-- ASSIGNED TASK --
Starting with the line that holds "Velký lesklý lustr", reproduce each line through the last one of the data, exactly as written. Pictures are not copied.

------------------------------------

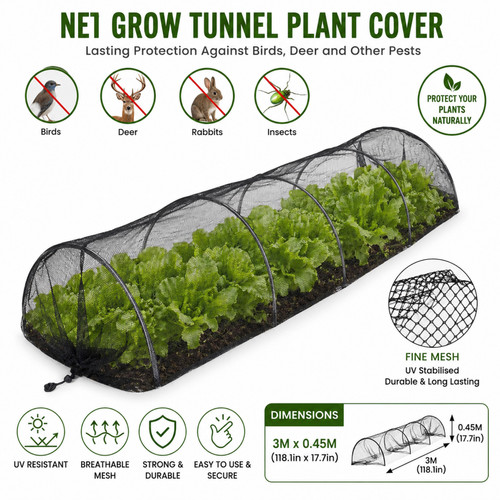 Garden net grow tunnel 10ft - garden,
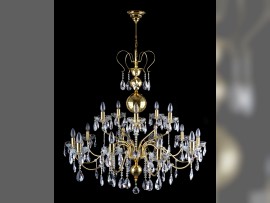 Velký lesklý lustr z tvarované mosazi, průměr 106 × 106 cm / 15 žárovek, křišťálové mandle, kód 6460-10+5-S
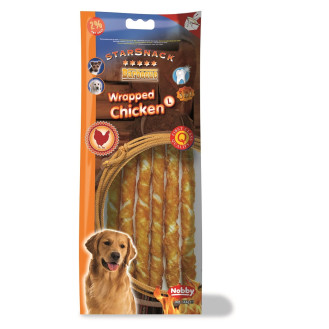 Nobby StarSnack Dental BBQ Wrapped Chicken Лакомства для ухода за зубами собак Куриные трубочки (144 г 25 см)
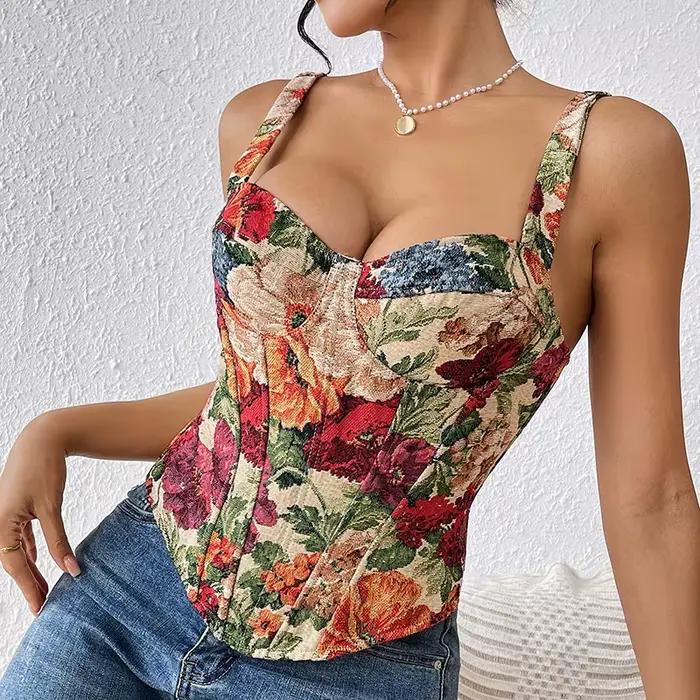Corset à fleurs brodées pour femmes, Vintage, écharpe française amincissante, Sexy, sans manches, en arête de poisson, entraîneur de taille, gilet façonnant, été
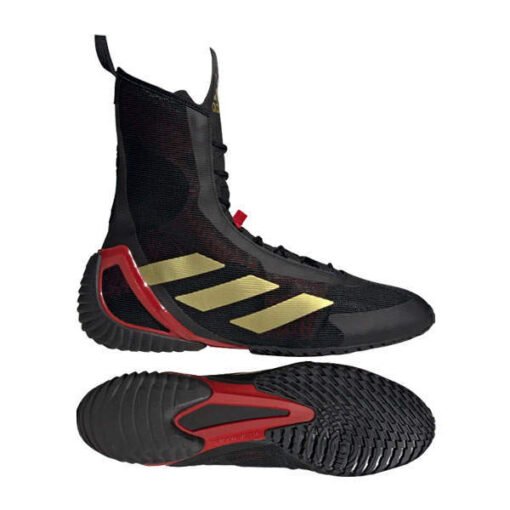 Boxschuhe Speedex Ultra Adidas schwarz mit goldenen Streifen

------------------------------------

-- ANSWER TO THE EXERCISE --
 Velký lesklý lustr z tvarované mosazi, průměr 106 × 106 cm / 15 žárovek, křišťálové mandle, kód 6460-10+5-S
 Nobby StarSnack Dental BBQ Wrapped Chicken Лакомства для ухода за зубами собак Куриные трубочки (144 г 25 см)
Corset à fleurs brodées pour femmes, Vintage, écharpe française amincissante, Sexy, sans manches, en arête de poisson, entraîneur de taille, gilet façonnant, été
 Boxschuhe Speedex Ultra Adidas schwarz mit goldenen Streifen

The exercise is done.